たんぽぽ仮面のタイムライン

言葉と絵とお酒にムズムズします

〈虹色彩〉

小学校の廊下に張り出された、社会科見学の新聞記事を読んでいた。一人一枚、学んだことを振り返り、壁新聞の形式でまとめていた。

自分が中に入れる巨大シャボン玉装置の記事を書いている子が何人かいた。巨大シャボン玉の仕組みとしてはこうだ。輪の中心に自分が立つ。輪のくぼみにはシャボン玉液が入っていて、持ち手付きのフラフープのようなものがはまっていて液に浸されている。輪の外にいる人がそのフラフープ状のものを高く持ち上げると、足元から頭の上までシャボンの膜が持ち上がり、輪の中に立っている人は自分がシャボン玉の中に入っているように感じる、という仕掛け。

なるほどこどもの好奇心をそそる装置だなぁと読んでいたら、とある子の書いた一文にハッとした。正直なところ、涙が出そうになった。その文章はこうだ。
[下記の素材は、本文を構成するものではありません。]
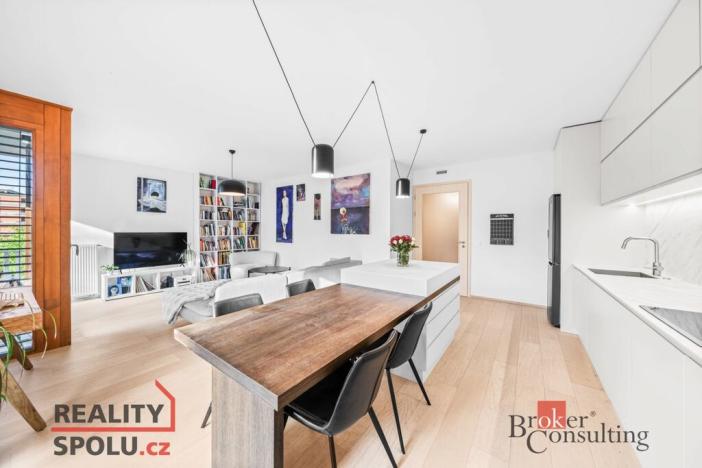 Prodej bytu 4+kk, Praha - Modřany, Vrátnická, 104 m2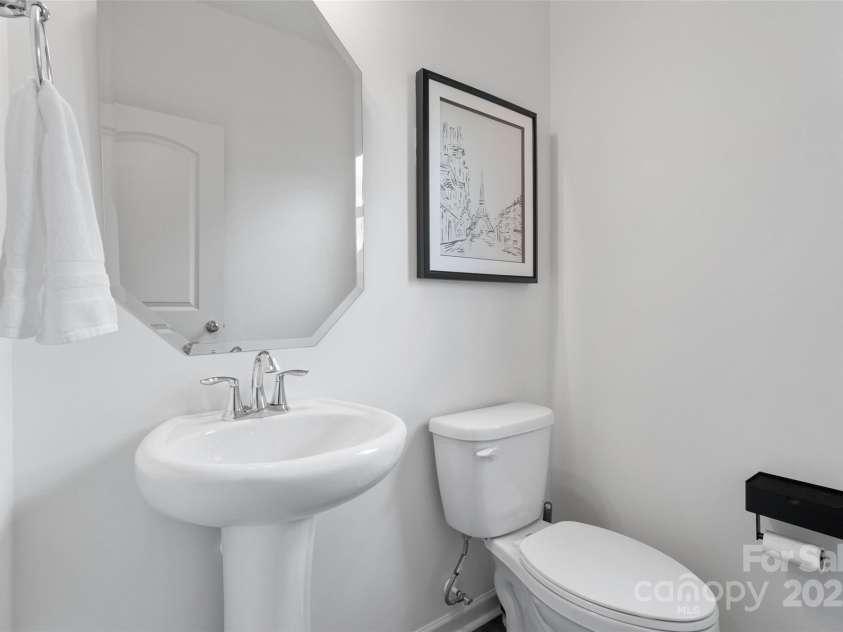 18607 Mainsail Court, Lancaster, SC 29720.  MLS# CAR4231294, YatesRealty ID 12231. 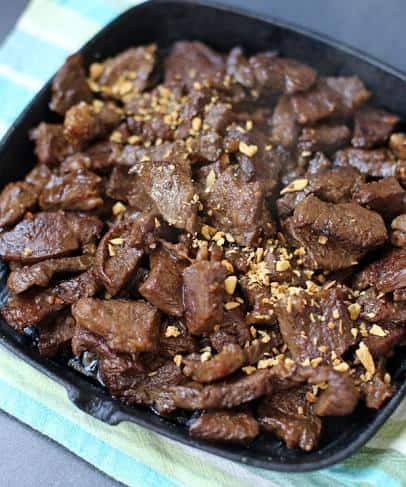 Brace yourself as we enjoy a mouthwatering Best Pork Salpicao meal by following the necessary steps below. Do not forget to grab your rice and cola! Pork Salpicao Recipe, Beef Salpicao Recipe, Salpicao Recipe, Sizzling Recipe, Bones Heart, Pinoy Dishes, Beef Cubes, Best Asian Recipes, Filipino Food Recipes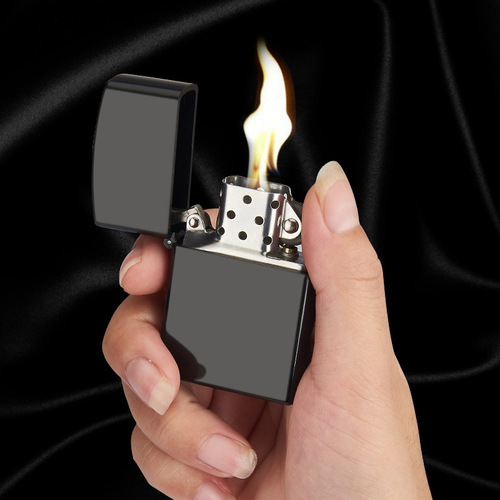 Wholesale Metal Windproof Kerosene Lighter Classic Vintage Nostalgia Kerosene Machine DIY Advertising Promotional Gift Engraving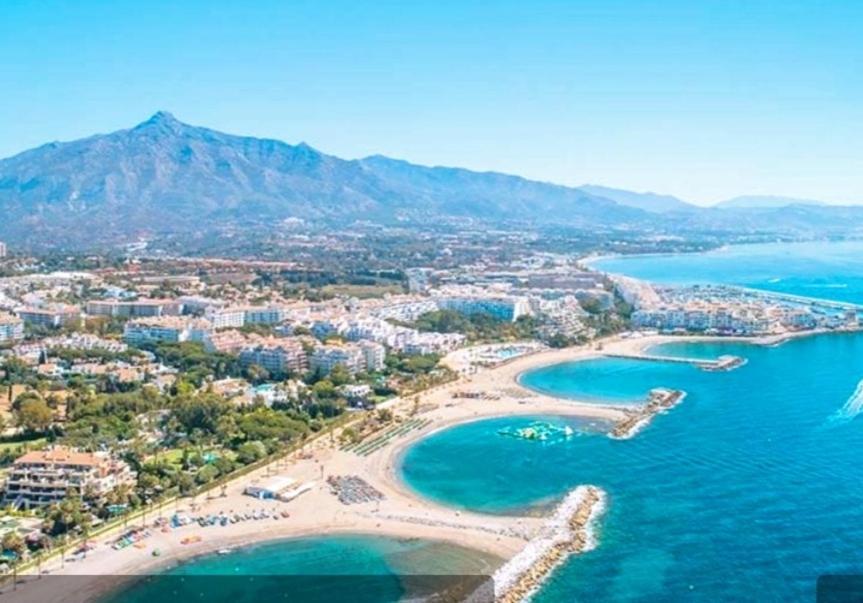 En La Playa .piscinas Jardines Puerto Banús Apartamento *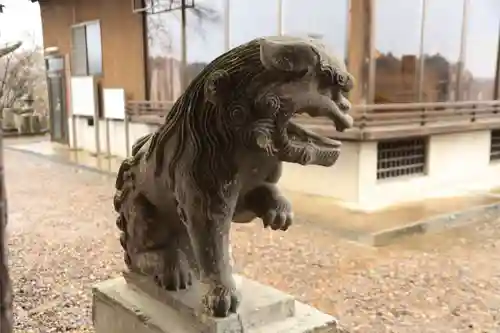 長屋神社の狛犬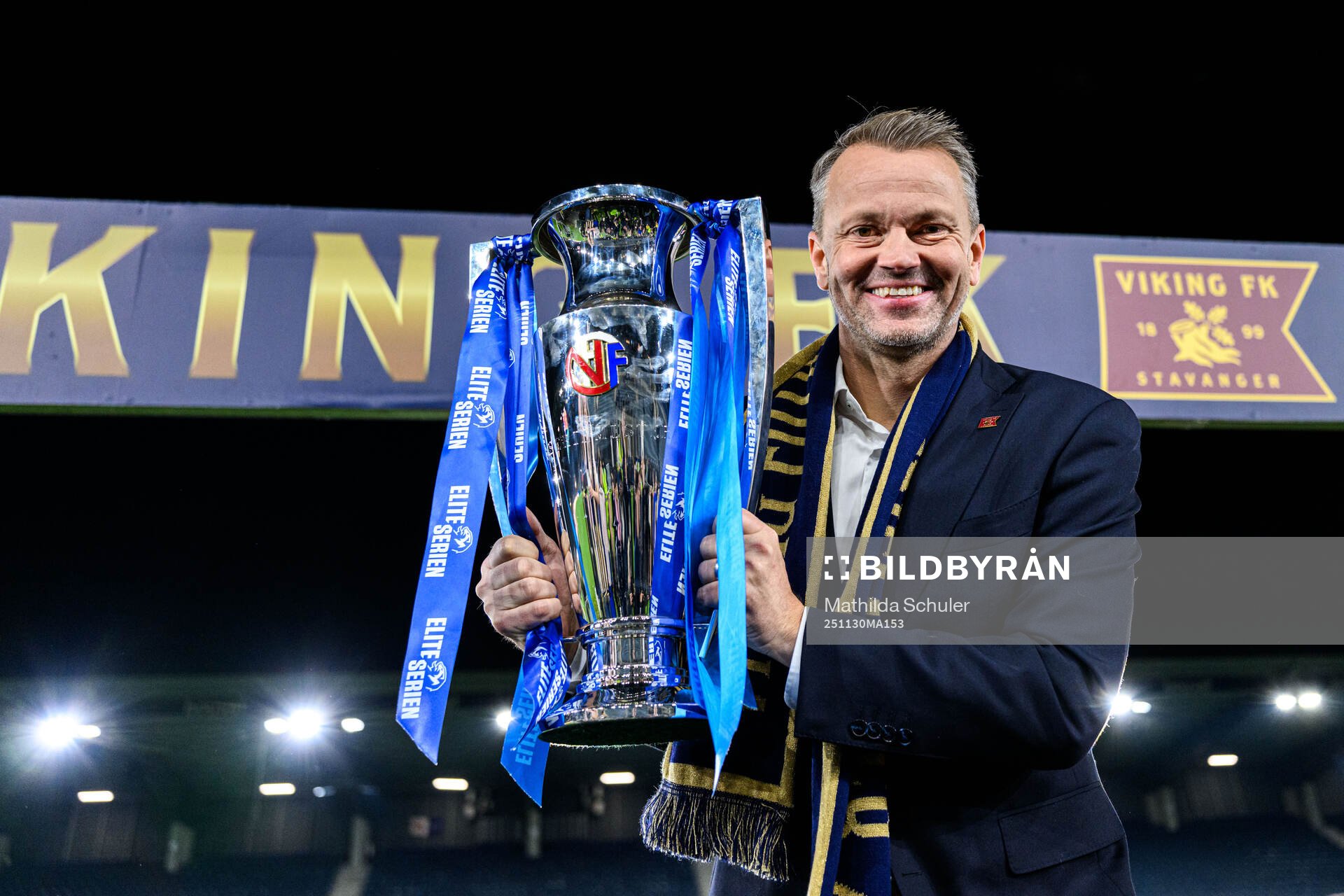 Erik Nevland, sports director of Viking celebrates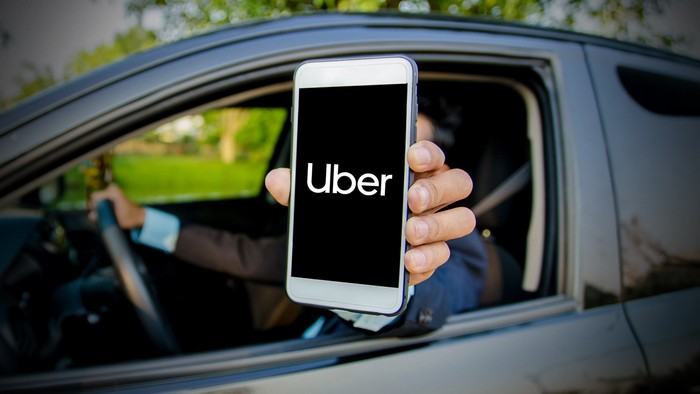 Uber se pronunció en rechazo al polémico proyecto de ley que amenazaría sus operaciones en Colombia. Créditos: Freepik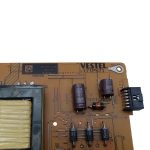 Dettaglio scheda Vestel 17IPS71 23225486 con codice a barre, condensatori Elite e connettore CN4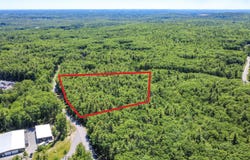 20 Witchtrot Road, York, ME 03909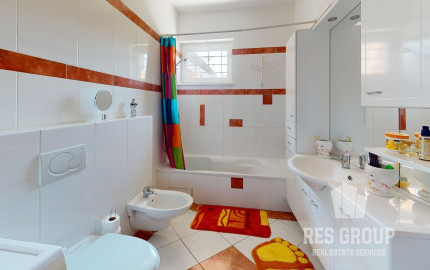 Na predaj, dva rodinné domy vo Višňovom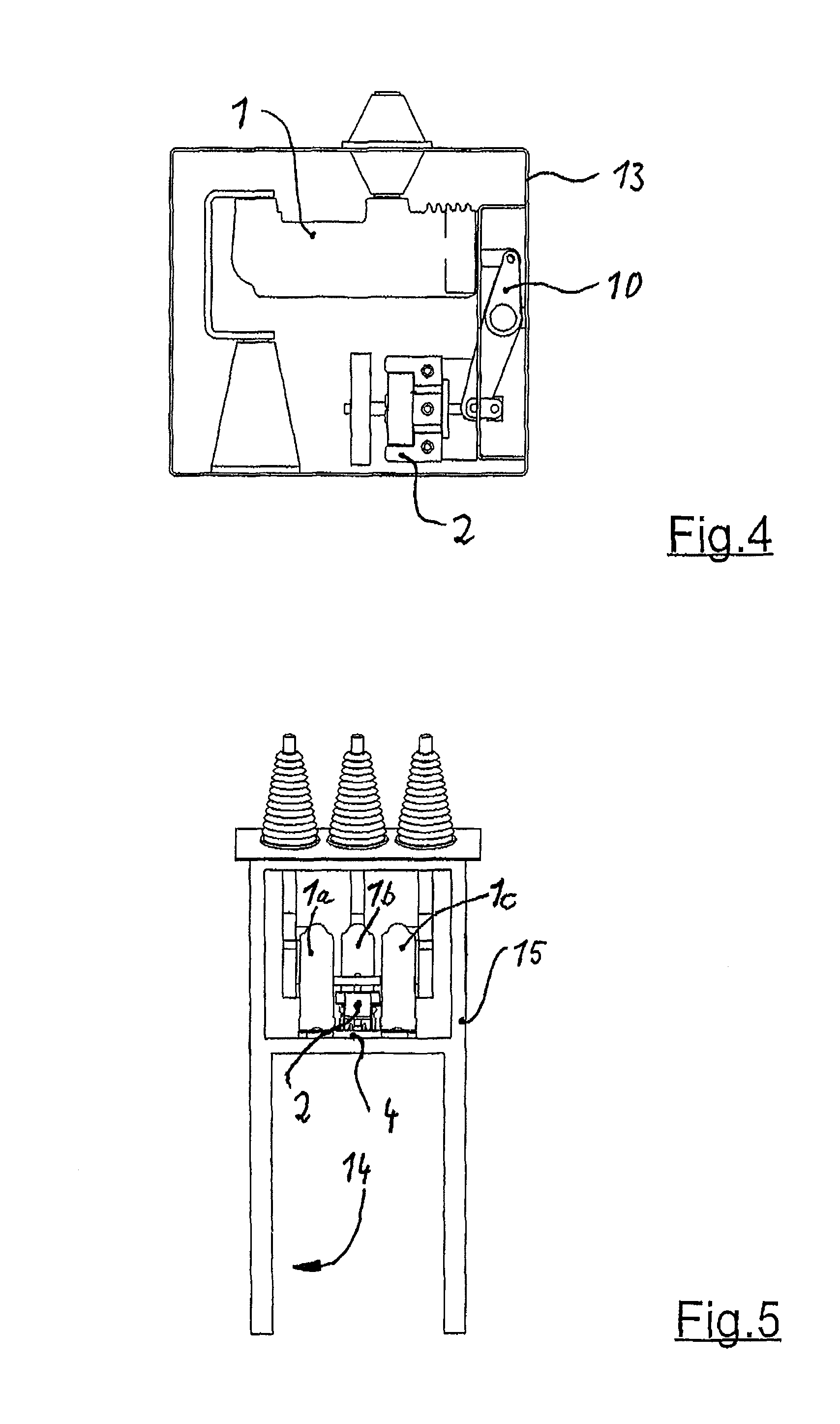 Medium voltage circuit breaker arrangement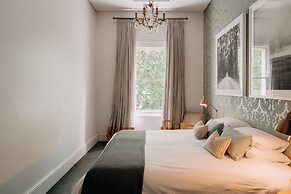 The Crafers Hotel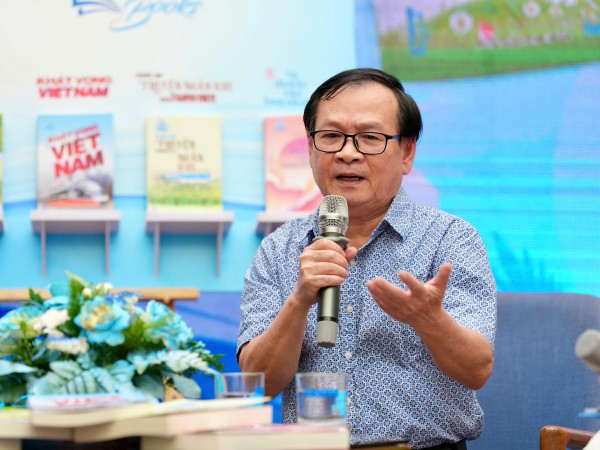 Nguyễn Nhật Ánh: Mỗi phụ huynh, thầy cô cũng nên là một đại sứ văn hóa đọc Nguyễn Nhật Ánh: Mỗi phụ huynh, thầy cô cũng nên là một đại sứ văn hóa đọc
中から見ると、光の当たり具合で外が虹色に見えたりします。

内側から見た光景を書いたのは、見た限りではこの子だけだった。説明文の中に一つ、生身の体験から出た言葉。私にとっては、そこだけ色が染め付けられたように美しい一文に思えた。

シャボン玉は、自身が虹色なだけでなく、私たちの生きている世界も虹色に見せてくれるんだという発見。私は知らなかった。しかも常に虹色に見せるのではなくて、光の当たり方によって起きるということ。

見たままを投影する日常のなかでは、辛いこともそのまま映し出されるけれど、この世界が虹色に見える瞬間があるんだな。私が気づいていないだけ。そう感じて泣きそうになったのだ。

この子はこの文章にそこまでの意味を含んでいないかもしれないけれど、すれっからしの私の心には沁みた。

私の毎日の積み重ねのなかにも、虹色の瞬間がきっとある。たぶん明日のどこかにも。